For season 1966, Pan-Hellenic finished in 5th spot. The club would return to Finals Football once again in 1967, finishing in 4th, but would once again fail to progress in the Finals Series. 1967 also saw Pan-Hellenic go on a great run in the inaugural National Club Knock-Out competition the – Australia Cup – falling one game short of the Final, as it lost to APIA Leichhardt 3–2 after extra-time in the Semi-Final.

The 1968 season was the highlight of the pre-National Soccer League era; Pan-Hellenic finished 2nd in the standings and reached the NSW First Division Grand Final for the first time. Pan-Hellenic rode the wave of momentum, crowds of: 11,500, 10,153, 14,521, 18,180 against Polonia, St George, Hakoah and APIA respectively in the back half of the 1968 season, catapulted the team into the Grand Final, Pan-Hellenic would unfortunately lose 4–2 to bitter rivals Hakoah in front of a crowd of 22,111 at the Sydney Sports Ground.

To bring the decade to a close in 1969, Pan-Hellenic would have to settle for a mid-table 6th-placed finish. The club also experienced another great Cup run making it to the Final once again in 1969, a Final it would ultimately lose 3–2 to Prague.

===1970s===
After some poor seasons – 1970 (8th), 1971 (10th), 1972 (7th), 1973 (9th) – 1974 saw a marked improvement in the team under Socceroos coach Rale Rasic. Pan-Hellenic just missed out on the top 4 to finish in 5th spot. In the Cup, the club failed to reach the latter stages.

Season 1975, did see Pan-Hellenic once again make the top 4, finishing in 3rd place, their highest finish in years. In the Finals Series, Pan-Hellenic dispatched Auburn 2–1 in the Semi-Final to make it through to the Preliminary Final.
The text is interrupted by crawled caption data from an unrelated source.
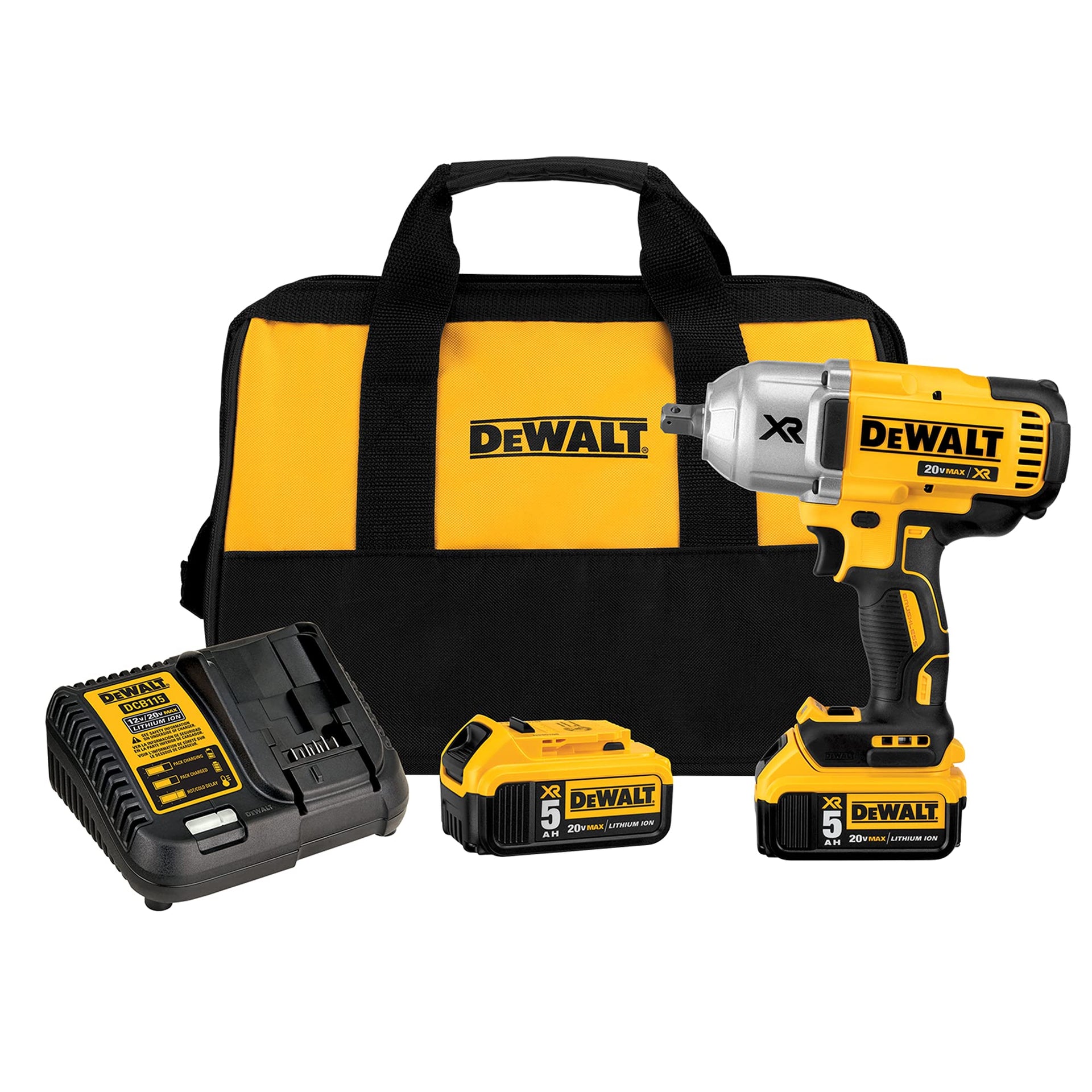 DEWALT 20V MAX* XR Cordless Impact Wrench Kit with Detent Anvil, 1/2-Inch (DCF899P2)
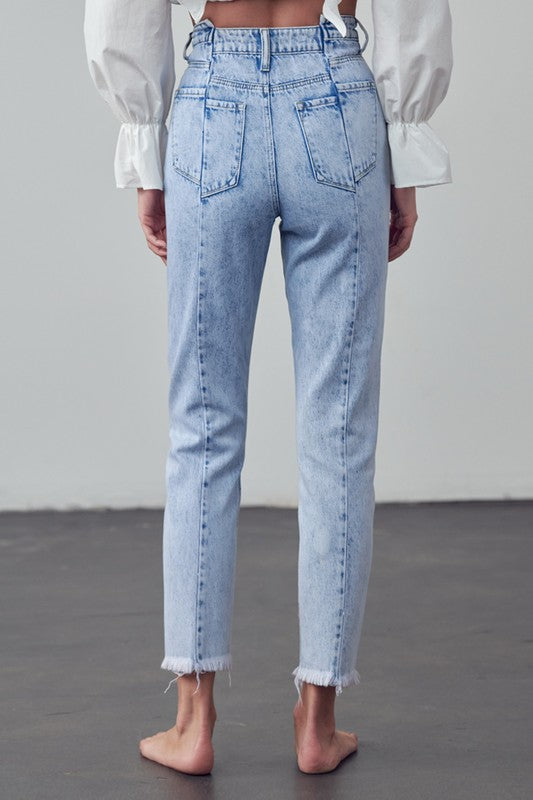 High Waist Frayed Tapered Jeans - Tigbul's Variety Fashion Shop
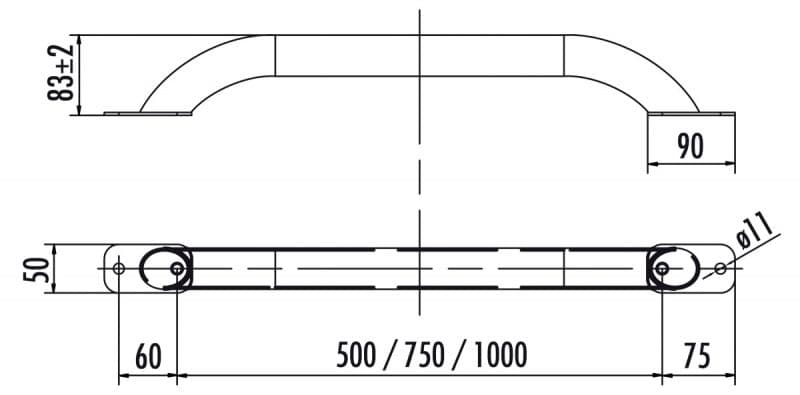 Входные поручни Hailo 750 мм (нерж. сталь 1.4301/AISI 304)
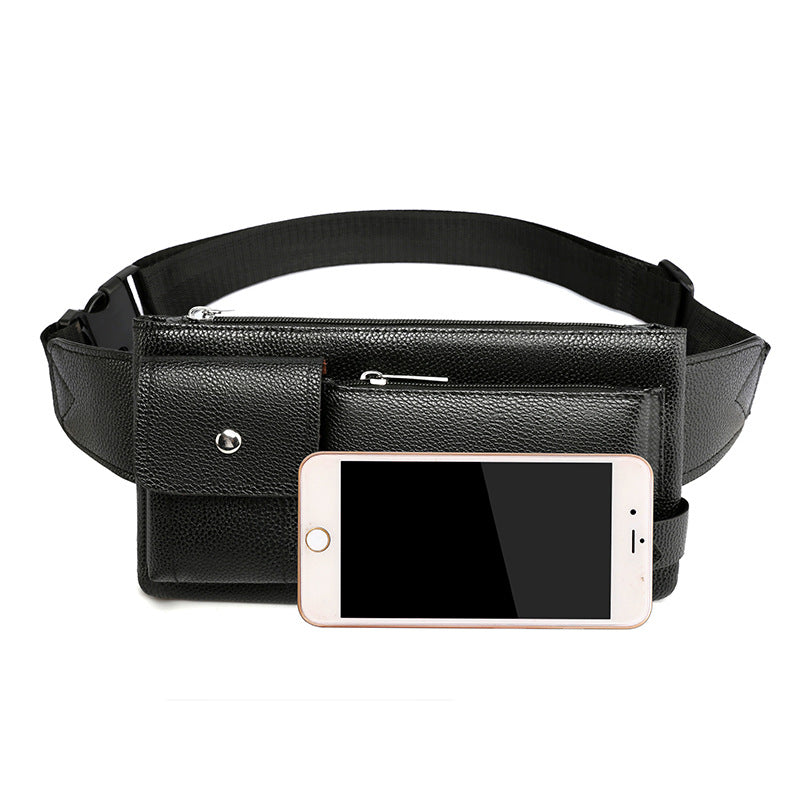 Men's Belt Bag Classic Solid Color PU Leather Waist Bag Outdoor Leisure Travel Fanny Pack Purse - Minihomy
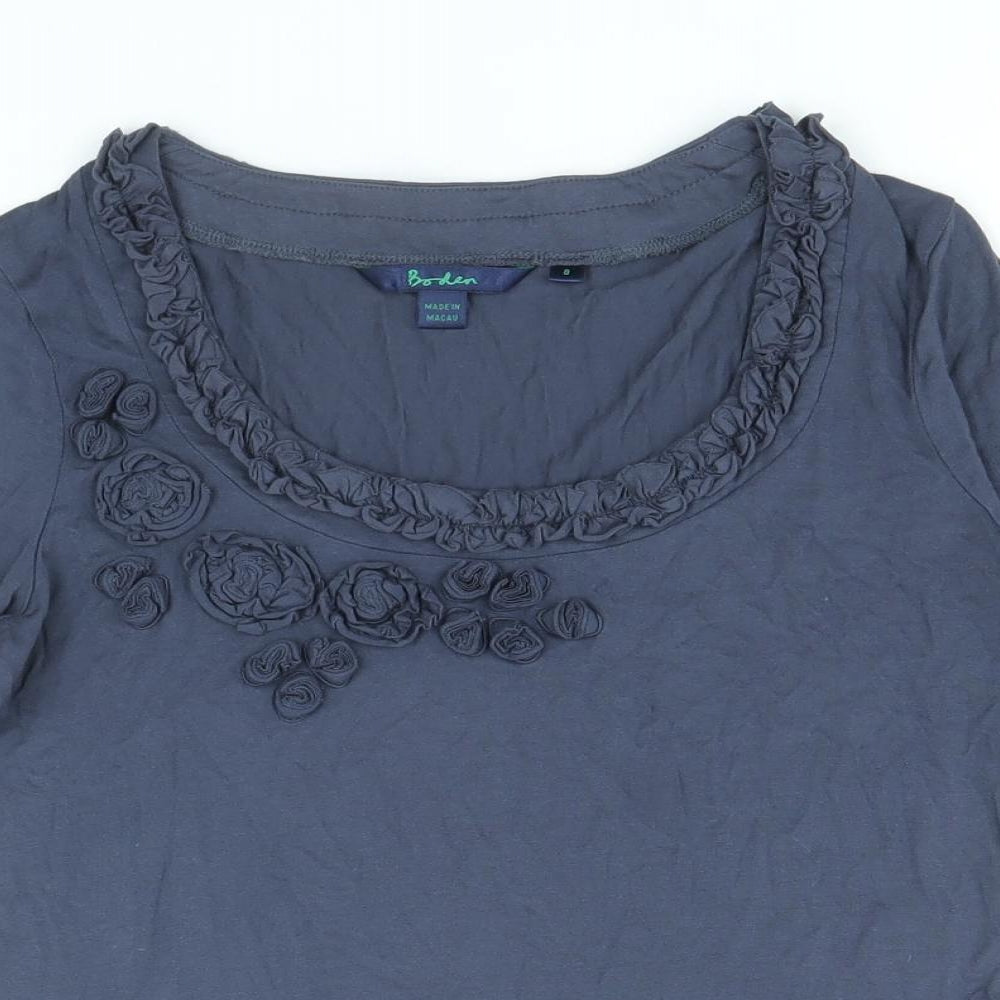 Baby Boden Womens Blue Modal Basic T-Shirt Size 8 Round Neck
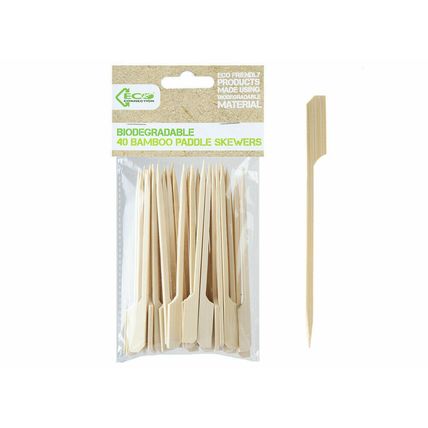 Biodegradable Bamboo Paddle Skewers BBQ Grill Kebab Party Stick Fondue Cocktail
A crowd of 15,374, one of the biggest attendances in years, saw the rivals Pan-Hellenic and APIA go at it again; unfortunately for Pan-Hellenic, it went on to lose 1–0 after extra time to APIA Leichhardt, in a tight and tense affair.

In its final season in the NSW State League for the time being and its last season under the name Pan-Hellenic in 1976, the club just missed out on a Finals spot, ending up in 5th place.

===1977: Sydney Olympic and the NSL===

Chart of yearly table positions for Sydney Olympic in NSL

For 1977, the club became a pioneering founding member of the National Soccer League, and also changed its name to Sydney Olympic.

Sydney Olympic had a tough initiation into National League Football in 1977, finishing 3rd last. 1978 saw a vast improvement from Sydney Olympic as it finished in a much-improved and respectable mid-table position.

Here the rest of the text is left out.